Key properties of Genode capabilities:

- **Unforgeable.** A capability can only be obtained by delegation from a
  holder or creation by the kernel. There is no mechanism to synthesize a
  capability from an integer or address.
- **Typed.** Each capability refers to an RPC object with a specific
  interface. The C++ type system enforces interface contracts at compile time.
- **Delegatable.** A capability holder can pass it to another component via
  RPC arguments, allowing authority to flow through the system graph.
- **Revocable.** Capabilities can be revoked (invalidated). When an RPC
  object is destroyed, all capabilities pointing to it become invalid.

### Capability Types in Genode

Genode distinguishes several kinds of capabilities based on what they refer to:

1. **Session capabilities.** The most common type.
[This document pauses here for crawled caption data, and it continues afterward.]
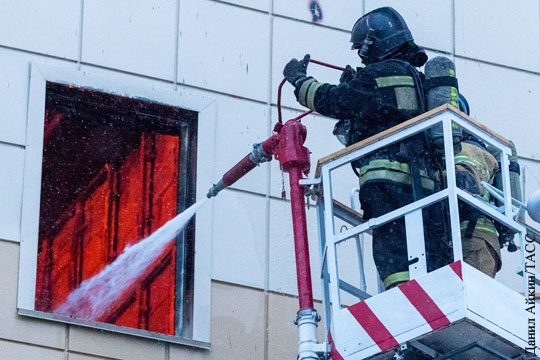 В МЧС объяснили сложность тушения пожара в кемеровском ТЦ
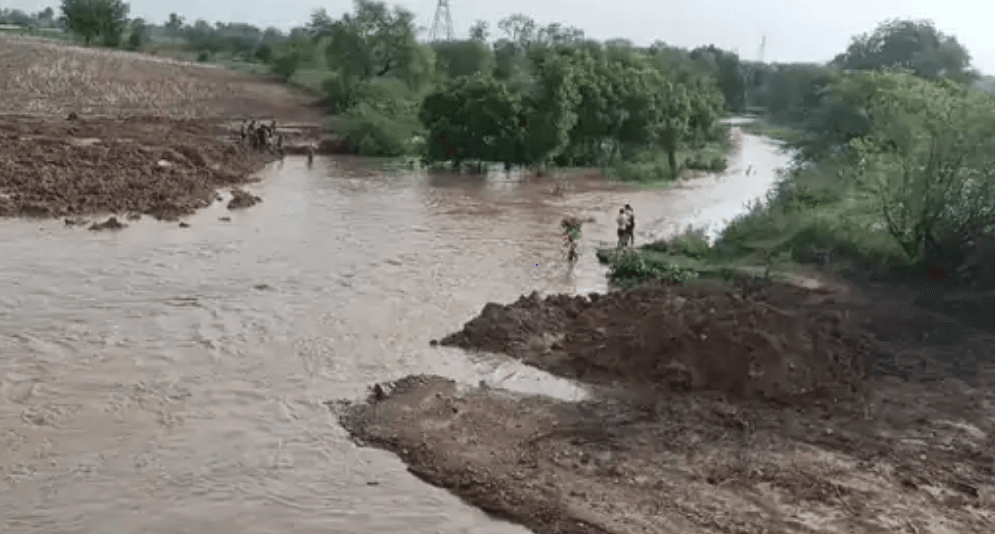 दतिया नदी में गिरा मिनी ट्रक, 3 बच्चों समेत 5 लोगों की मौत, 12 घायल; ट्रक से शादी में जा रहे थे 54 मजदूर 1 Mini truck fell in Datia river, 5 people including 3 children died, 12 injured; 54 laborers were going to the wedding in a truck, accident, datiya news, MP news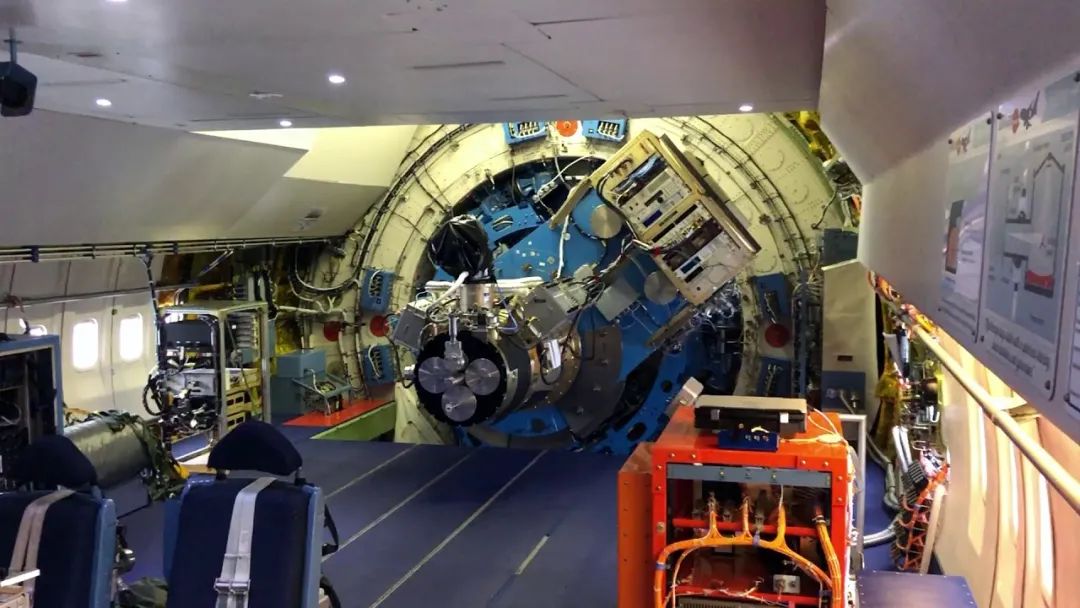 波音飞机望远镜,波音飞机高空望远镜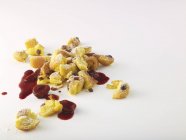 Сладкие оладьи с вишневым компотом — стоковое фото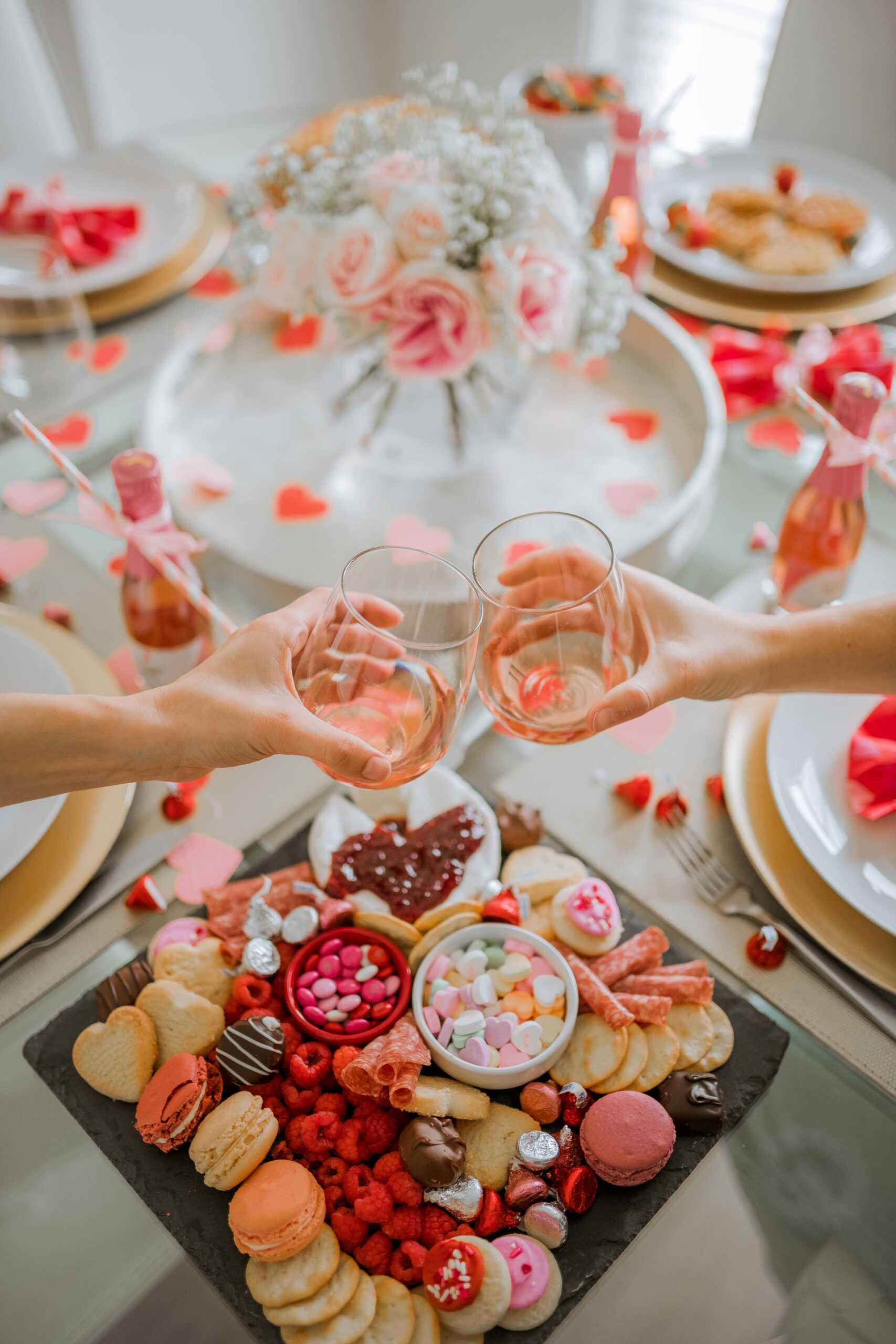 Galentine's Day Brunch Ideas, Cute Galentine's Party ideas, Galentine's Day Party, Valentine's Day Brunch Ideas | Charmed by Camille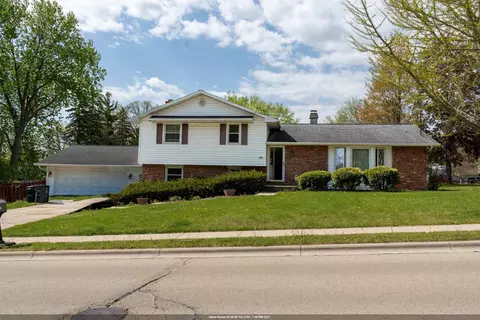 418 Greene Ave, Allouez, WI 54301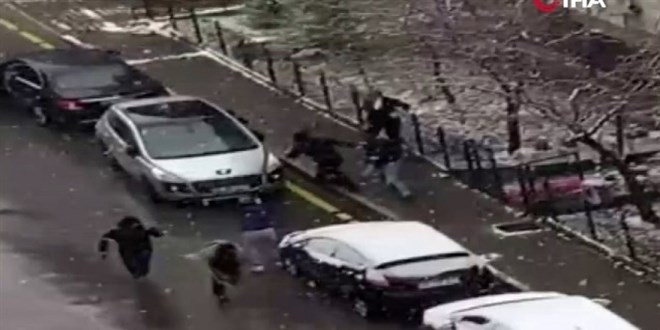 Selçuk Özdağ'a saldırı soruşturmasında 3 kişi daha tutuklandı
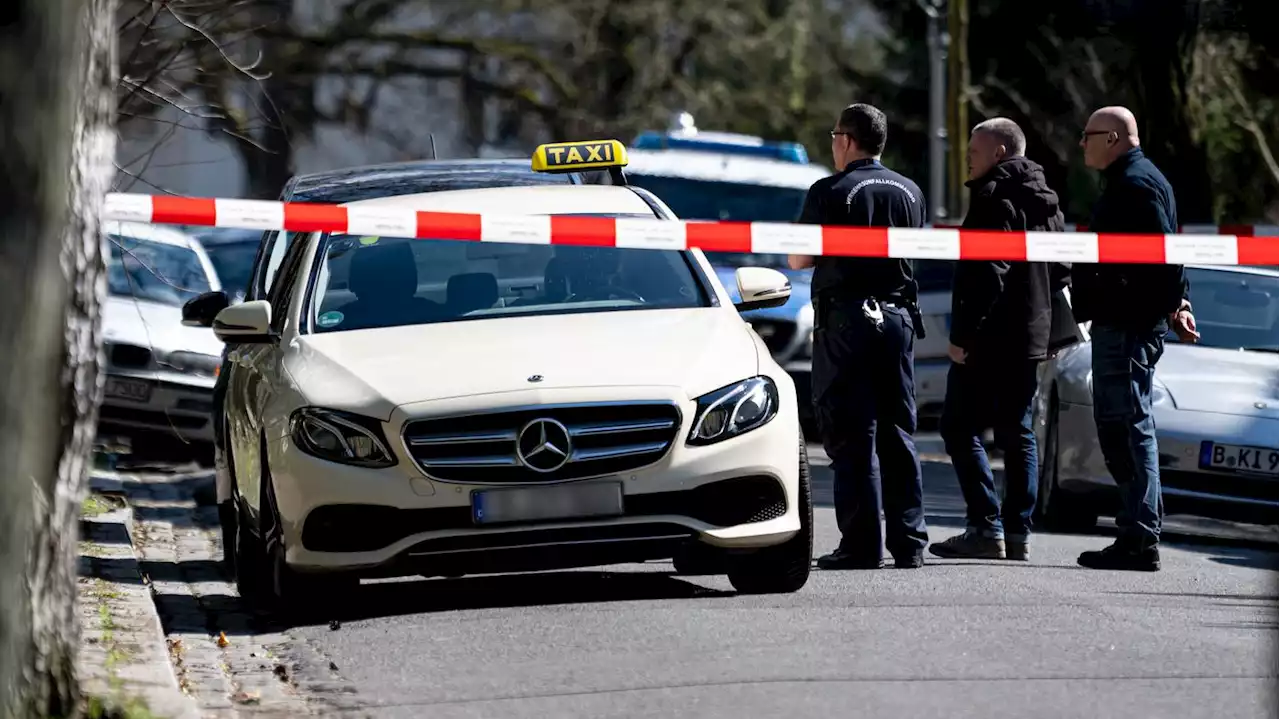 Täter flüchtig – Mordkommission ermittelt: Taxifahrer nach Angriff in Berlin-Grunewald gestorben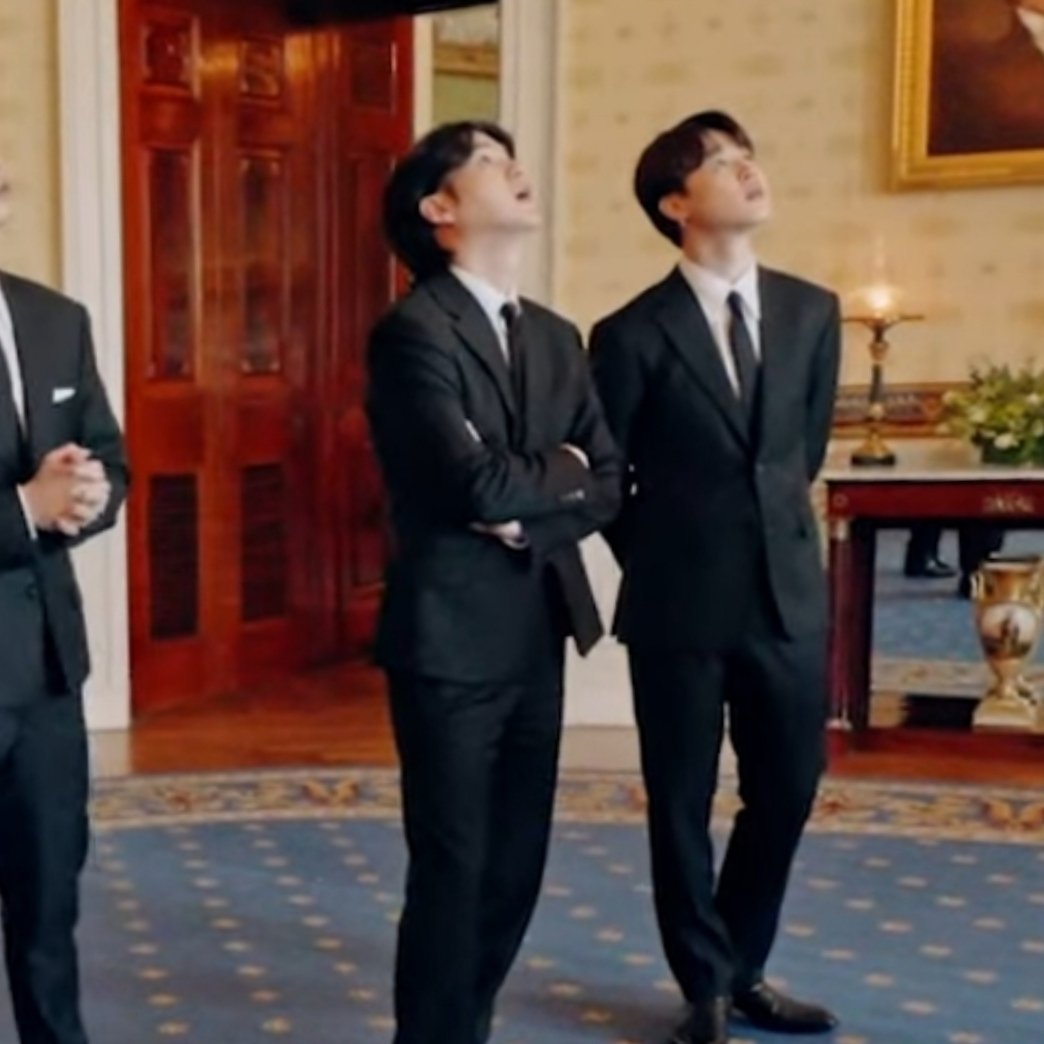 yoonkipie's tweet photo. not yoongi gazing open-mouthed at the interior of the white house https://t.co/EbJMSlWd7w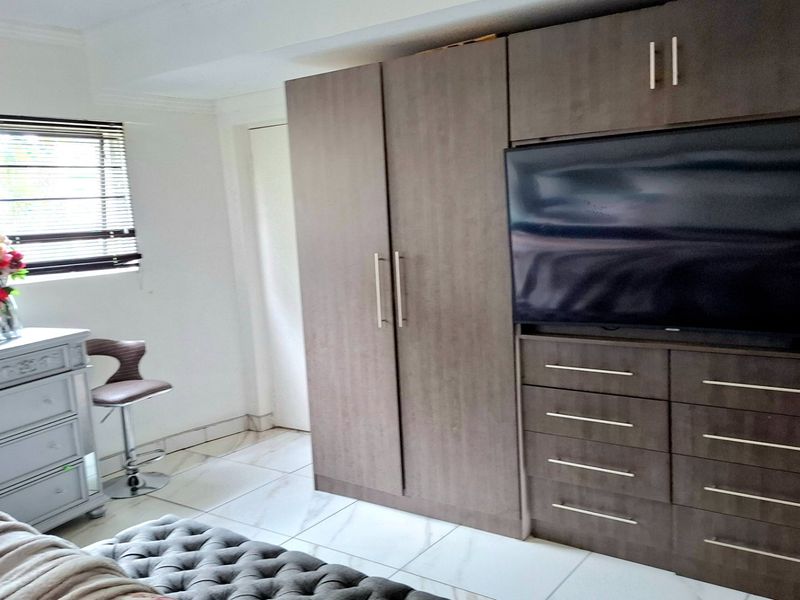 Spacious Benoni North family haven for sale - Photo 6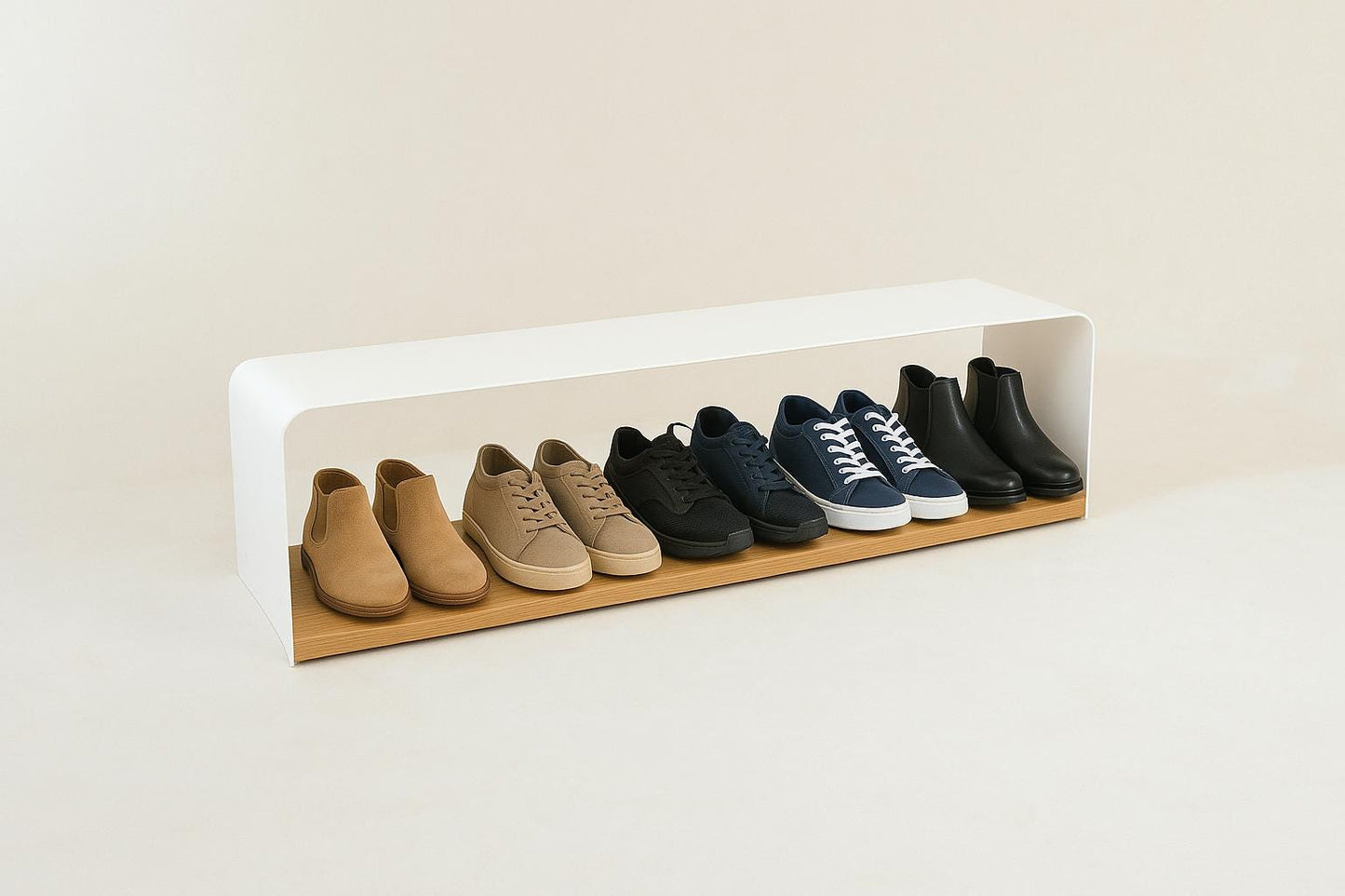Minimalistyczny metalowy stojak na buty z szóstką par butów, nowoczesny design i industrialny charakter.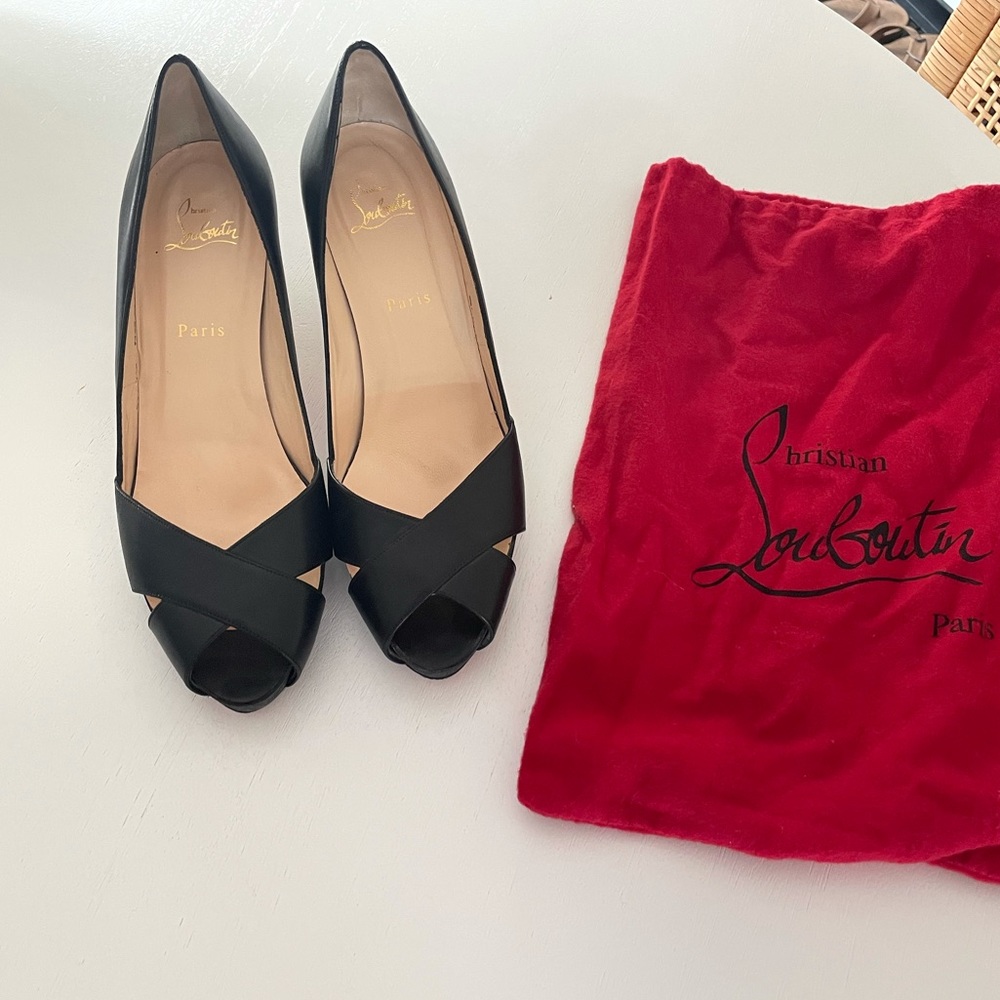 Christian Louboutin Shelly in size 41 / black
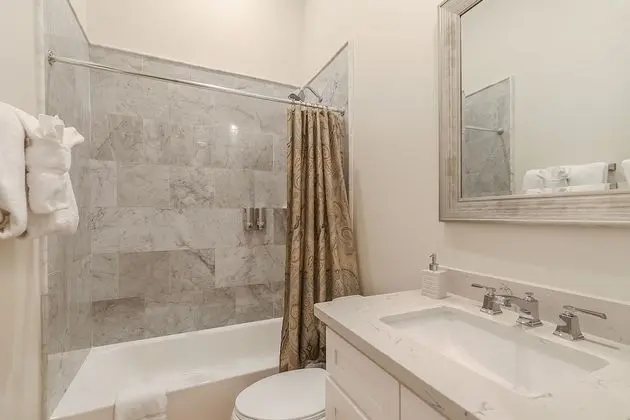 Luxury Daire, 3 Yatak Odası, Balkon, Avlu Manzaralı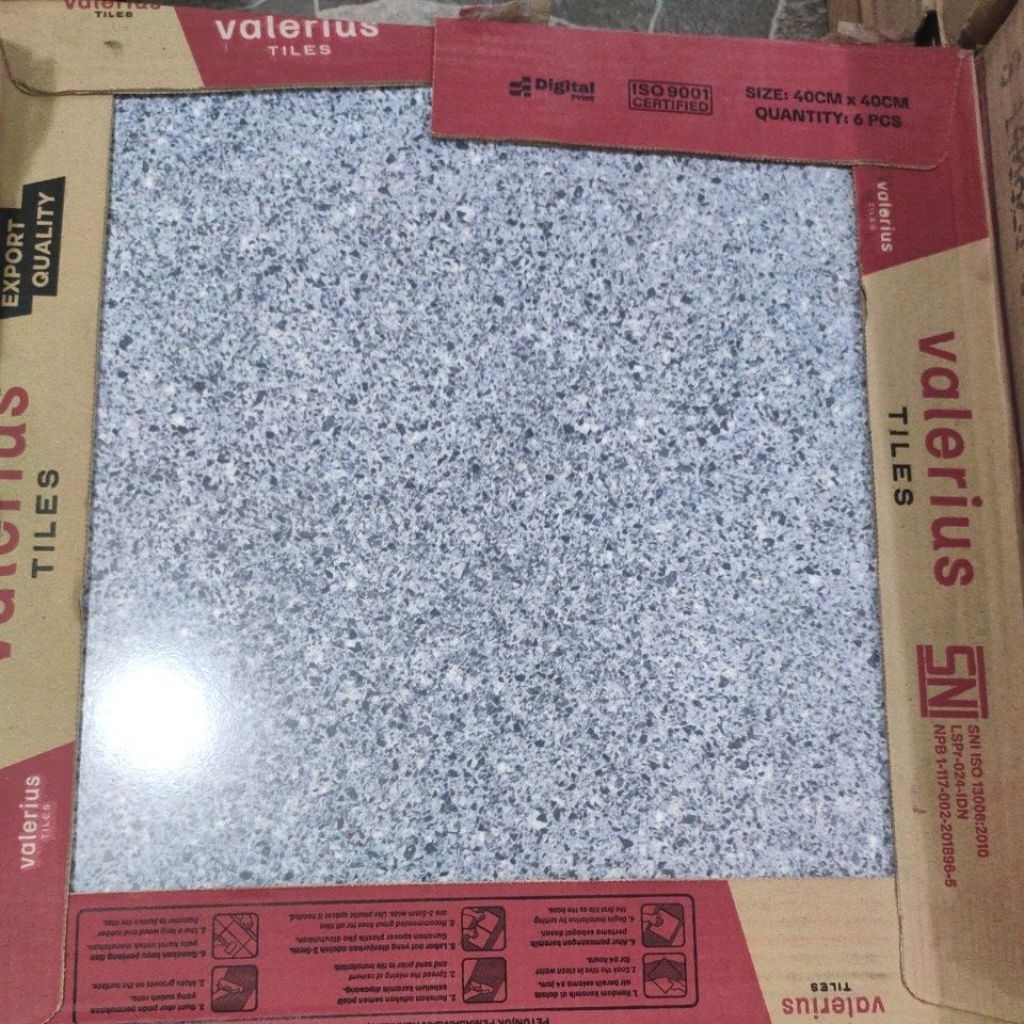 keramik lantai kilap Valerius Hakodate blue 40x40 kwA/Dus (biru kilap)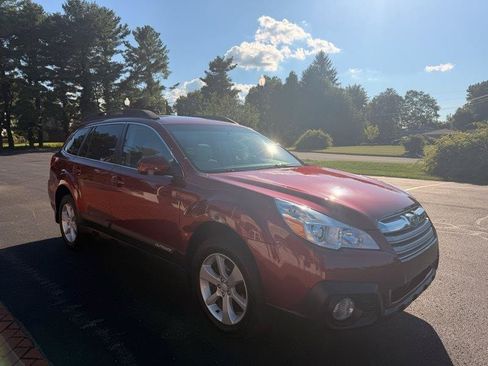 Used 2013 Subaru Outback 2.5i Premium w/ Popular Pkg 1A AWD/4WD image 4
A session capability
   refers to a service session -- an ongoing relationship between a client
   and a server. Example: a `Log_session` capability lets a client write
   log messages to a specific log session on a LOG server.

2. **Parent capability.** Every component holds an implicit capability to
   its parent. This is the channel through which it requests resources and
   sessions. The parent capability is never explicitly passed -- it's
   built into the component framework.

3. **Dataspace capabilities.** Represent shared-memory regions. A
   `Ram_dataspace` capability grants access to a specific region of
   physical memory. Dataspaces are the mechanism for bulk data transfer
   between components (the RPC path is for small messages and control).

4. **Signal capabilities.** Used for asynchronous notifications. A
   signal source produces signals; holders of the signal capability can
   register handlers. Signals are Genode's primary async notification
   mechanism -- they don't carry data, just wake up the receiver.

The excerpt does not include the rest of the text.